The creation of the USWTDB was jointly funded by the U.S. Department of Energy (DOE) Wind Energy Technologies Office (WETO) via the Lawrence Berkeley National Laboratory (LBNL) Electricity Markets and Policy Group, the U.S. Geological Survey (USGS) Energy Resources Program, and the American Wind Energy Association (AWEA). The database is being continuously updated through collaboration among LBNL, USGS, and AWEA. Wind turbine records are collected and compiled from various public and private sources, digitized or position-verified from aerial imagery, and quality checked. Technical specifications for turbines are obtained directly from project developers and turbine manufacturers, or they are based on data obtained from public sources.

Map services and data downloaded from the U.S. Wind Turbine Database are free and in the public domain. There are no restrictions; however, we request that the following acknowledgment statement be included in products and data derived from our map services when citing, copying, or reprinting: "Map services and data are available from U.S. Wind Turbine Database, provided by the U.S. Geological Survey, American Wind Energy Association, and Lawrence Berkeley National Laboratory via https://energy.usgs.gov/uswtdb.

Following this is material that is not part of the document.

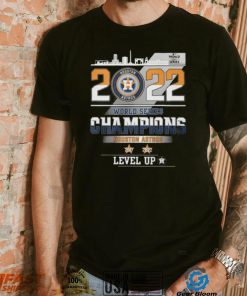 2022 World Series Champions Houston Astros 2017 2022 Level Up Shirt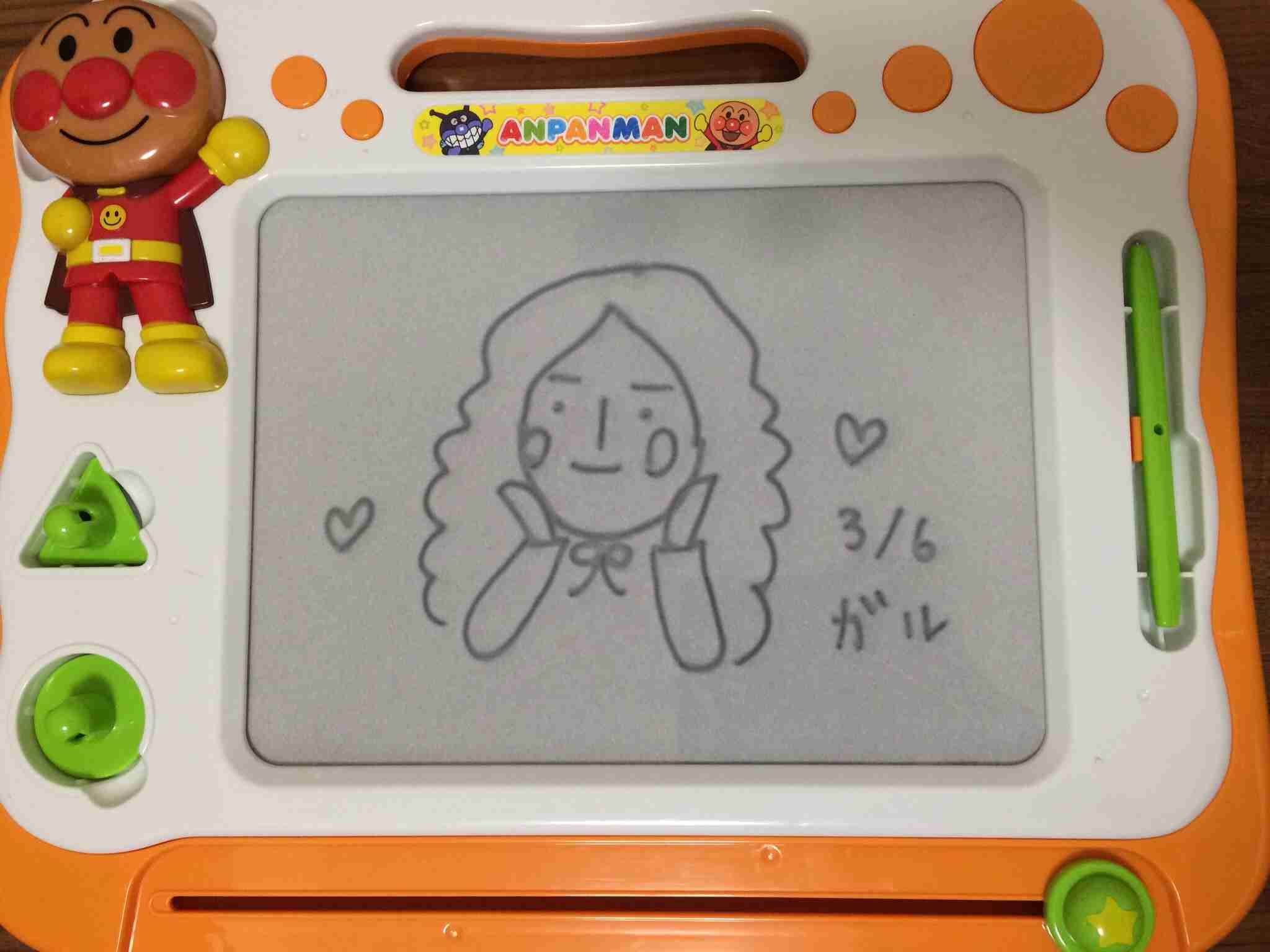 自画像を描いてみるトピ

Although this digital spatial database has been subjected to rigorous review and is substantially complete, it is released on the condition that neither the USGS, LBNL, AWEA nor the United States Government nor any agency thereof, nor any employees thereof, makes any warranty, expressed or implied, or assumes any legal liability or responsibility for the accuracy, completeness, or usefulness of any information contained within the database.